RECORDS FOR THE TASK START
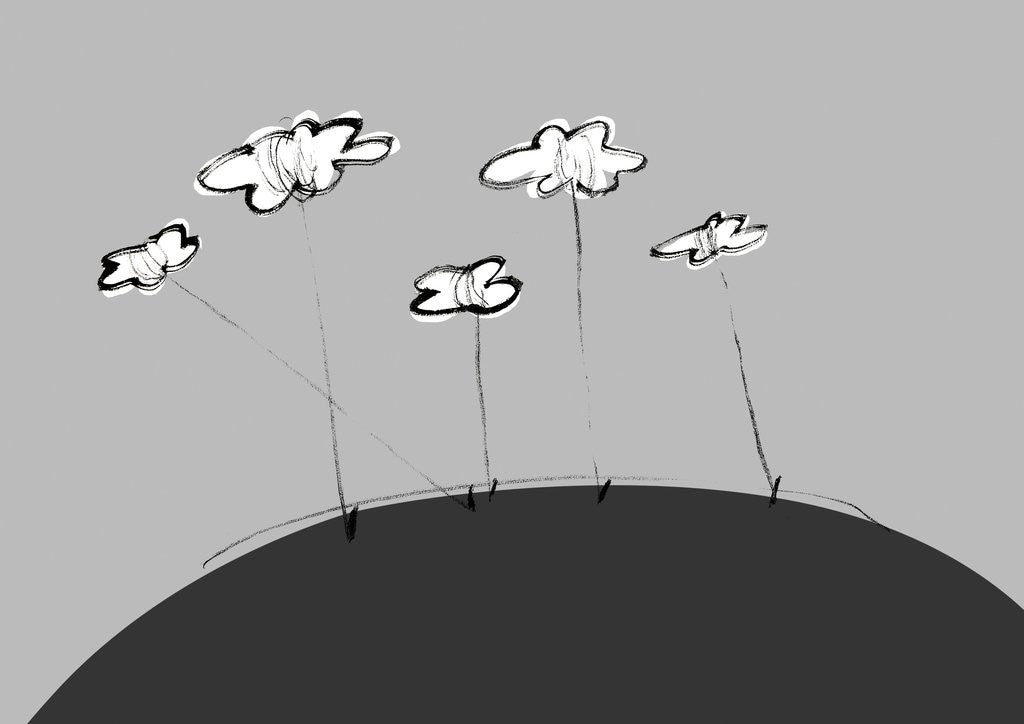 Detail of Clouds tied down to the earth by Anonymous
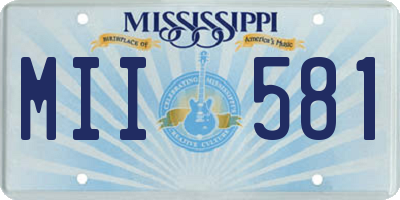 MS license plate MII581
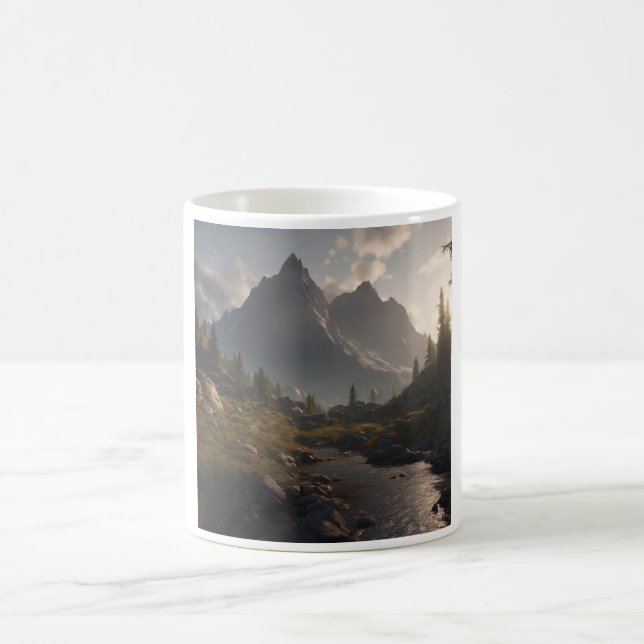 Coola Mountain liggande AI Art Kaffemugg (Center)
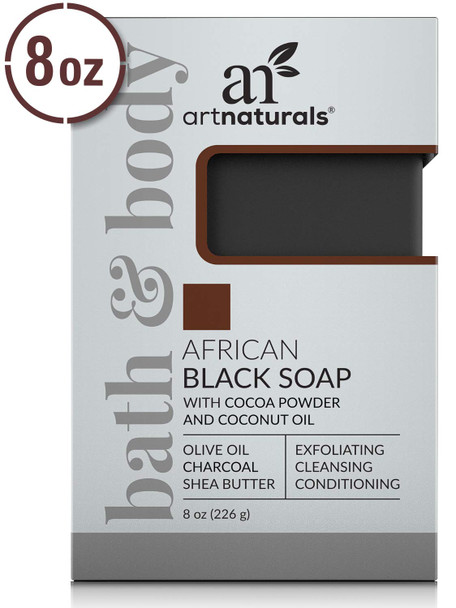 ArtNaturals African Black Soap Bar - (8 Oz / 226g) - Pure and Natural Acne Treatment - Exfoliating, Cleansing and Conditioning Face and Body Wash - Shea Butter, Olive Oil and Charcoal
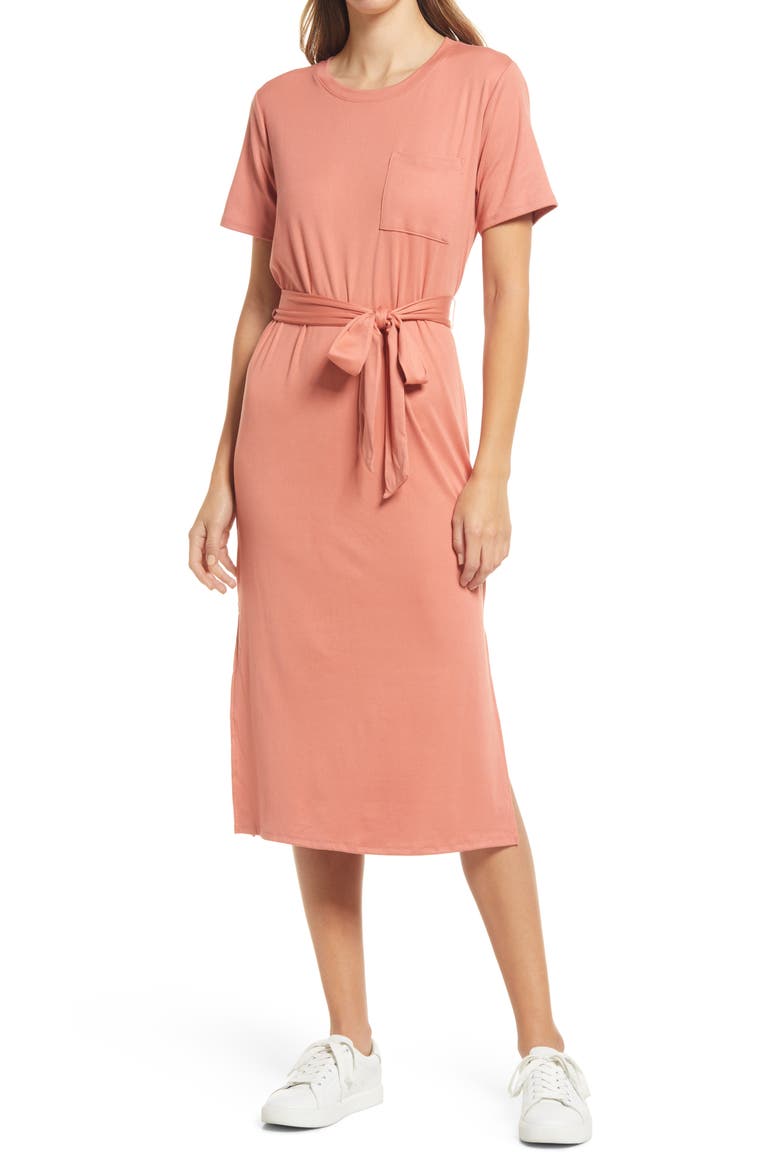 Belted Pocket T-Shirt Dress, Main, color, PEACH QUART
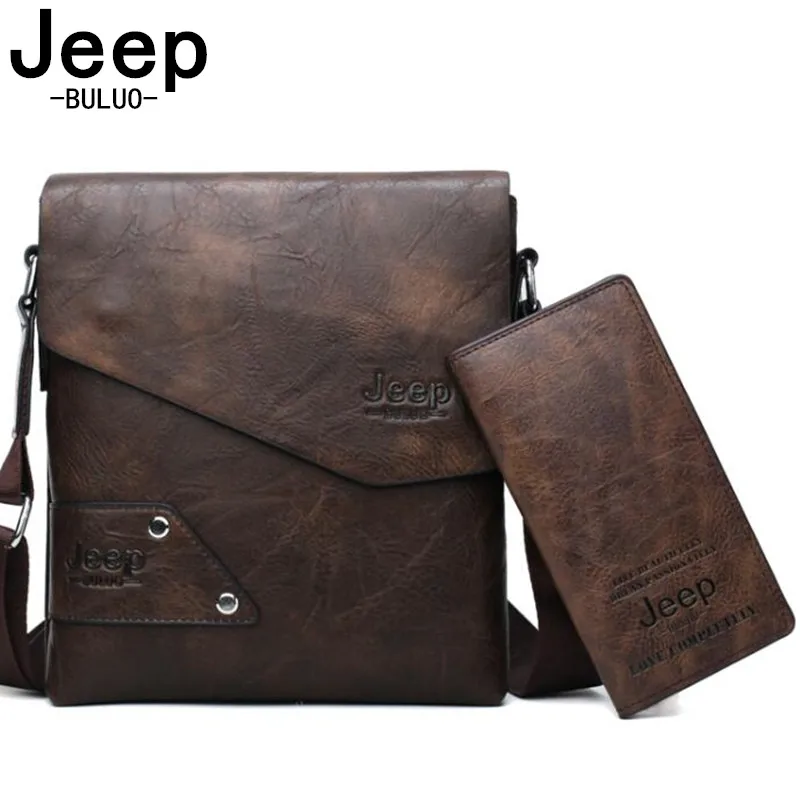 

JEEP BULUO Brand Men Leather Bag 2 Piece Set Shoulder Business Casual Messenger Bag Crossbody Male Tote Bags High Quality Casual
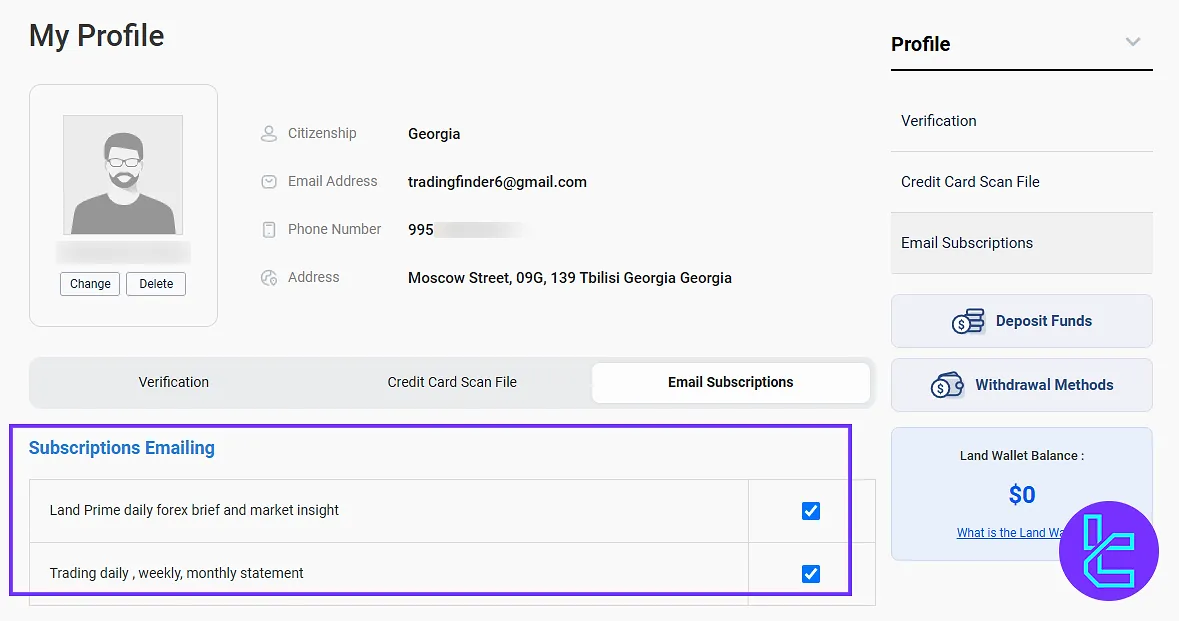 Land Prime user panel email settings page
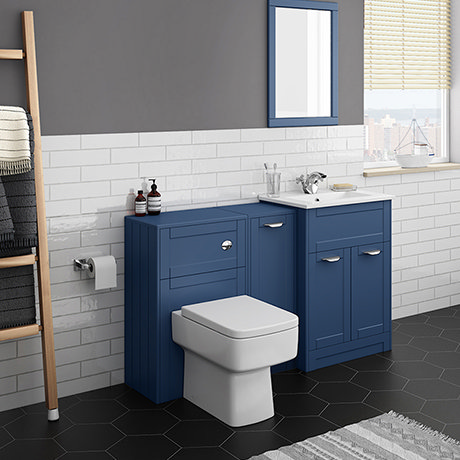 Keswick Blue Sink Vanity Unit, Storage Unit + Toilet Package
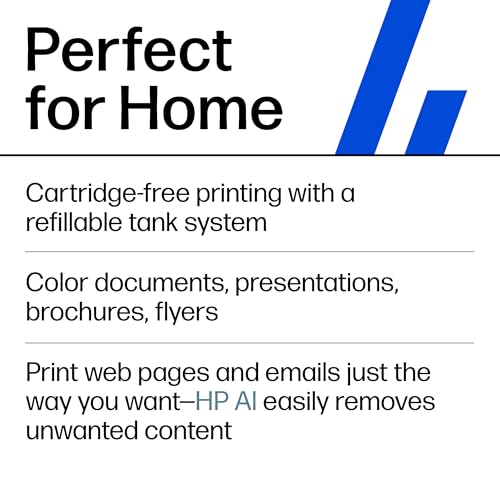 HP Smart Tank 5101 Wireless All-in-One Refillable Printer, Scanner, Copier with 2 years of Ink included, Wireless printer-...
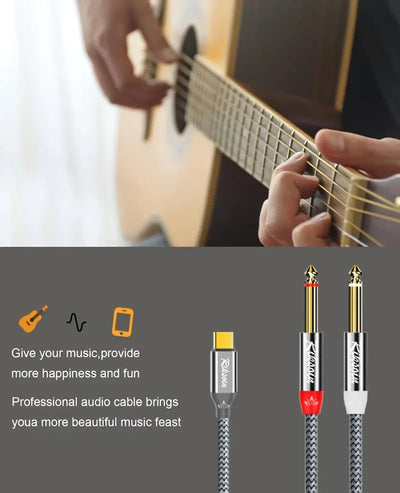 USB Type-C To Dual 6.35mm Jack 1/4 Audio Cable Y Insert Cable Splitter for iPad Laptop Mobile Phone Tablet To Speaker Mixer bass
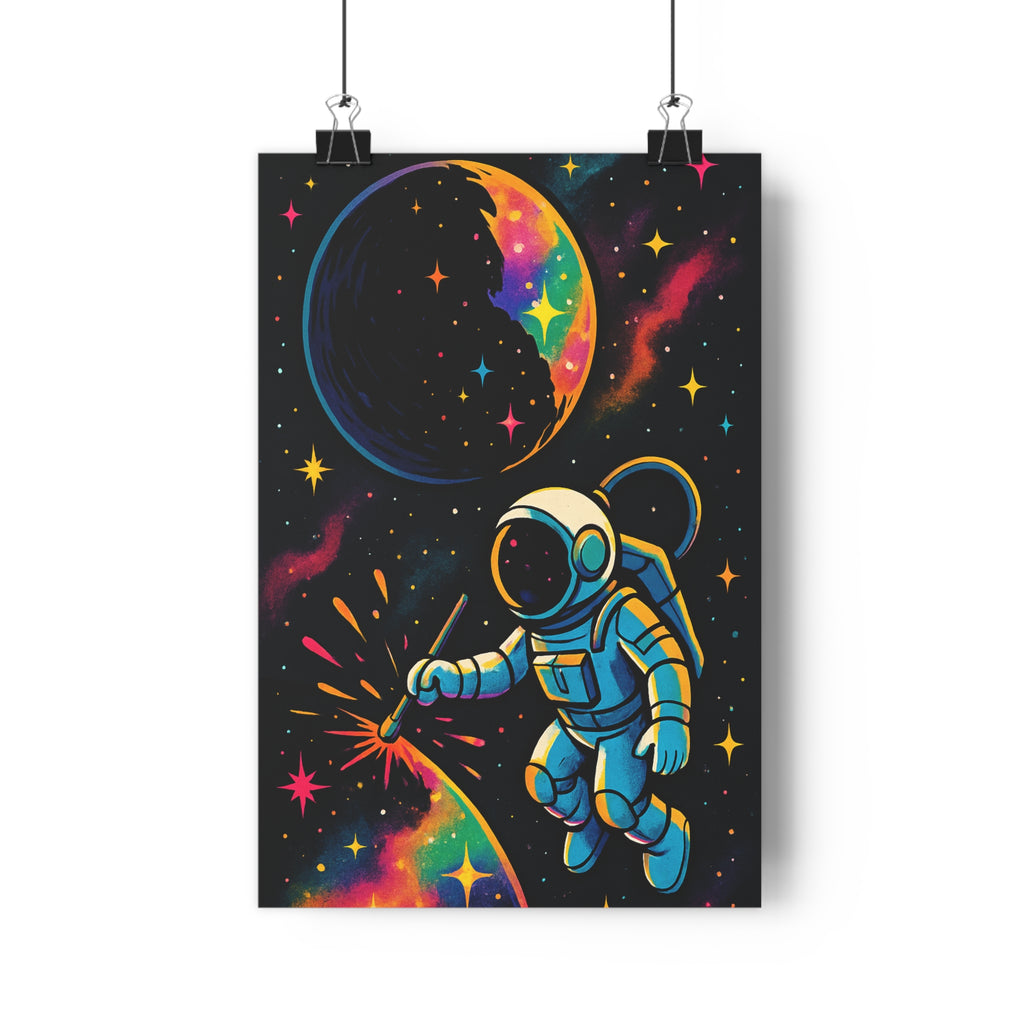 Poster décoratif cosmique vibrant étoiles colorées cartoon astronaute mystique chambre enfant magique 30x46 cm
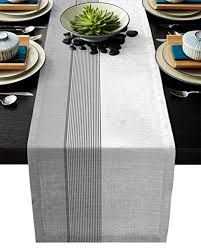 Island table placemat sets new kitchen table runners hand weaving stripes elegant cotton classy. Linen Burlap Table Runner Dresser Scarves 13 X 70 Inch Grey Stripes Kitchen Table Runners For Farmhouse Dinner Holiday Parties Wedding Events Decor Buy Online In Cayman Islands At Cayman Desertcart Com Productid 180584360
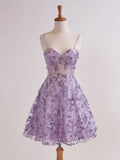 Gorgeous Lavender Spaghetti Straps A-Line Tulle Applique Short Prom Dresses Homecoming Dress with Sequins HZ1108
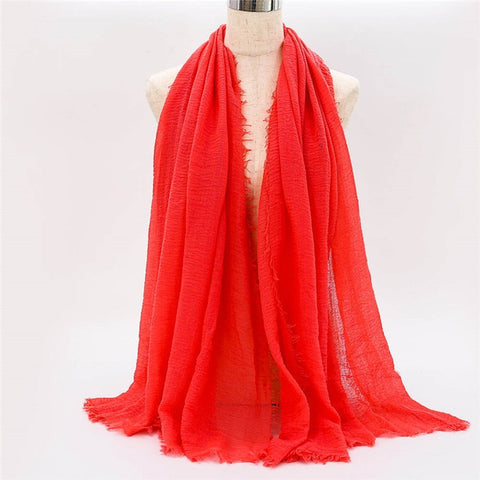 2019 women bubble cotton solid Islam muslim head scarf shawls and wraps pashmina female foulard viscose maxi crinkle cloud hijab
RECORDS FOR THE TASK END
● WORK REQUEST
Please, without any of the pictures, set down exactly the lines from the beginning of the listing to the line that contains "Keswick Blue Sink", inclusive.

● RESPONSE FOR THIS EXERCISE
 Detail of Clouds tied down to the earth by Anonymous
 MS license plate MII581
 Coola Mountain liggande AI Art Kaffemugg (Center)
 ArtNaturals African Black Soap Bar - (8 Oz / 226g) - Pure and Natural Acne Treatment - Exfoliating, Cleansing and Conditioning Face and Body Wash - Shea Butter, Olive Oil and Charcoal
 Belted Pocket T-Shirt Dress, Main, color, PEACH QUART

JEEP BULUO Brand Men Leather Bag 2 Piece Set Shoulder Business Casual Messenger Bag Crossbody Male Tote Bags High Quality Casual
 Land Prime user panel email settings page
 Keswick Blue Sink Vanity Unit, Storage Unit + Toilet Package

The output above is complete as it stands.